1) Extreme weather conditions made visiting the Volcano impossible for several days during my stay in Iceland.
My flight to London was scheduled the morning of April 7, 2010.
The night of April 6, 2010 tours announced that conditions would enable people to reach the Volcano on April 7, 2010.
I pushed back my flight by a day and booked a tour to the Volcano.
2) Find a minimum amount of people for the tour.
3) Combine an air and land tour for a cheaper price than offered.
At the fabulous Reykjavik Downtown Hostel, with the assistance of the receptionist Swantje, I booked a super jeep tour with Iceland Total.
Tour Rating: 5 out of 5.
Tour Guide Rating: 5 out of 5.
I couldn't have imagined a better tour or tour guide.
Cost: The cost for the super jeep tour was 235 Euros which was 41,000 Krona at the time.
Other tours were offering a combined helicopter and super jeep tour for 99,000 Krona, but we worked out an arrangement with our tour to separately combine it with a helicopter ride.
Helicopter.is offers helicopter rides from the Skogafoss waterfalls, for 43,000 Krona (normally the helicopter flights are flights to and from the pad and do not drop you off near the Volcano rim, but because we had previously requested a combination of a helicopter and jeep tour we were luckily dropped off near the rim!).
Therefore, we managed to combine a Volcano land and air tour for the cheaper price of 84,000 Krona total (currently $657).

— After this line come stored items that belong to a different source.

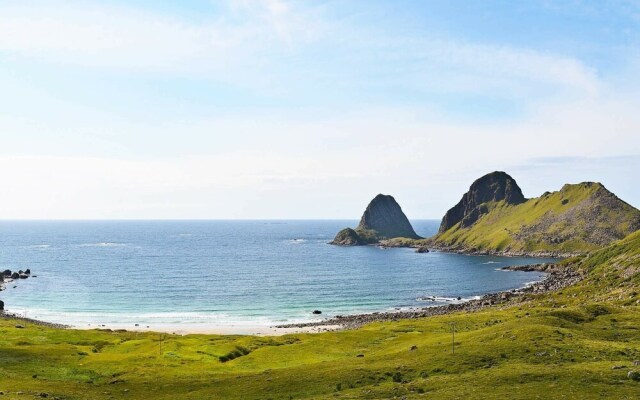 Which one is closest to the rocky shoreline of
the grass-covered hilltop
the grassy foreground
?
the grass-covered hilltop

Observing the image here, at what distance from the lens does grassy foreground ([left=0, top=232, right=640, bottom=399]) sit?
147 ft

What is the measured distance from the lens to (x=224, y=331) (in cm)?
12444

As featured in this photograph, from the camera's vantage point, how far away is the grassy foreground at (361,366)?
44.7 m

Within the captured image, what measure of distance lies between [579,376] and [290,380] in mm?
27399

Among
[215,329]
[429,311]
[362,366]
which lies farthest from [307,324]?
[362,366]

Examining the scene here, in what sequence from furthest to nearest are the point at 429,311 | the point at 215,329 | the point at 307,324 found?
1. the point at 429,311
2. the point at 307,324
3. the point at 215,329

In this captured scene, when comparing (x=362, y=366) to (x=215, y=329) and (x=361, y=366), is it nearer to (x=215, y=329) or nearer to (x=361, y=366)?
(x=361, y=366)

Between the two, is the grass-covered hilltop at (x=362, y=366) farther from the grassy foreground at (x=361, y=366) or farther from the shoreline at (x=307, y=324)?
the shoreline at (x=307, y=324)

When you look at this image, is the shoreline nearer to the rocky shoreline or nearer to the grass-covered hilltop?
the rocky shoreline

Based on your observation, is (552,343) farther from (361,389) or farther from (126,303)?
(126,303)

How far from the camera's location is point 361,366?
56062mm

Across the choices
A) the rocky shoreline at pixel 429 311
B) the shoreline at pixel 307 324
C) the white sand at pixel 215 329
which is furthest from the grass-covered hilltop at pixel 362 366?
the rocky shoreline at pixel 429 311

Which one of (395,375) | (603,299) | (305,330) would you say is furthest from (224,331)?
(603,299)

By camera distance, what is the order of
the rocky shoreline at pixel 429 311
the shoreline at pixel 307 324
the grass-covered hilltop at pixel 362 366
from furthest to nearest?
1. the rocky shoreline at pixel 429 311
2. the shoreline at pixel 307 324
3. the grass-covered hilltop at pixel 362 366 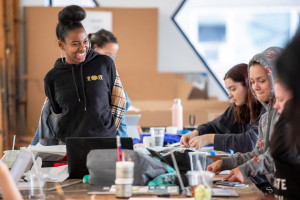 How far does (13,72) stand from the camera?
6133 millimetres

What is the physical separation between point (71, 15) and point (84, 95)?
17.5 inches

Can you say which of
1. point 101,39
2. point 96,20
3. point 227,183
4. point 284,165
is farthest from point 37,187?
A: point 96,20

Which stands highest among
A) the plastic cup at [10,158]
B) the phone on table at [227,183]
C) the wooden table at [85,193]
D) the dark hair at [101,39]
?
the dark hair at [101,39]

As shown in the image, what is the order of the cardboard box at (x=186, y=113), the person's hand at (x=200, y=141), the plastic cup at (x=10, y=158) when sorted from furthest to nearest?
the cardboard box at (x=186, y=113)
the person's hand at (x=200, y=141)
the plastic cup at (x=10, y=158)

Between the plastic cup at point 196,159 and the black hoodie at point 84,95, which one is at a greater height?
the black hoodie at point 84,95

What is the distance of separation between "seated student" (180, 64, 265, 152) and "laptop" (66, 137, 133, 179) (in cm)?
71

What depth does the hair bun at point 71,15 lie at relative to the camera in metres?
2.73

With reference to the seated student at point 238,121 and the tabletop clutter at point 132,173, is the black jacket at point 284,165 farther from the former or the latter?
the seated student at point 238,121

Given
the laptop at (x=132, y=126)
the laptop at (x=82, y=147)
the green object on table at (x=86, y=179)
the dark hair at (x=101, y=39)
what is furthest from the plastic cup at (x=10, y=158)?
the dark hair at (x=101, y=39)

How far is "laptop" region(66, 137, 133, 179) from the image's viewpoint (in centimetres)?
202

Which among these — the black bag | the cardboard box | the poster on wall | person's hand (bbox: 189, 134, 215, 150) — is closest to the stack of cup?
the black bag

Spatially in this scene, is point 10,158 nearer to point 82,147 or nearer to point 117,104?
point 82,147

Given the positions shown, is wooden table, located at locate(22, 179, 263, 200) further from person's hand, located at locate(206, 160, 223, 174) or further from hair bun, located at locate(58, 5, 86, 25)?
hair bun, located at locate(58, 5, 86, 25)

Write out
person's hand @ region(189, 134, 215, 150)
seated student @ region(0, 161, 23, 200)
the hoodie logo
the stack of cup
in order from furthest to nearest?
the hoodie logo → person's hand @ region(189, 134, 215, 150) → the stack of cup → seated student @ region(0, 161, 23, 200)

Note that a minimum fee payment for two people is needed for the super jeep ride and minimum payment for four people is needed for the helicopter ride.
The Super Jeep Tour
At 2 pm our super jeep picked us up from our Hostel. I was with my new Canadian friend Michael, and my new friend from Holland, Kim.
In total, we were 7 tourists, plus the driver in the super jeep (maximum capacity of 8 people).
Sunset Helicopter Ride Over Volcano
The helicopter seats six people. I sat with the pilot in the front, while Kim, Mike, and two other tourists sat at the back.
The helicopter ride takes about 20 minutes total and circles the Volcano from all directions (ours was less than 20 minutes as we were dropped off on location).
The helicopter set us down near the Volcano rim.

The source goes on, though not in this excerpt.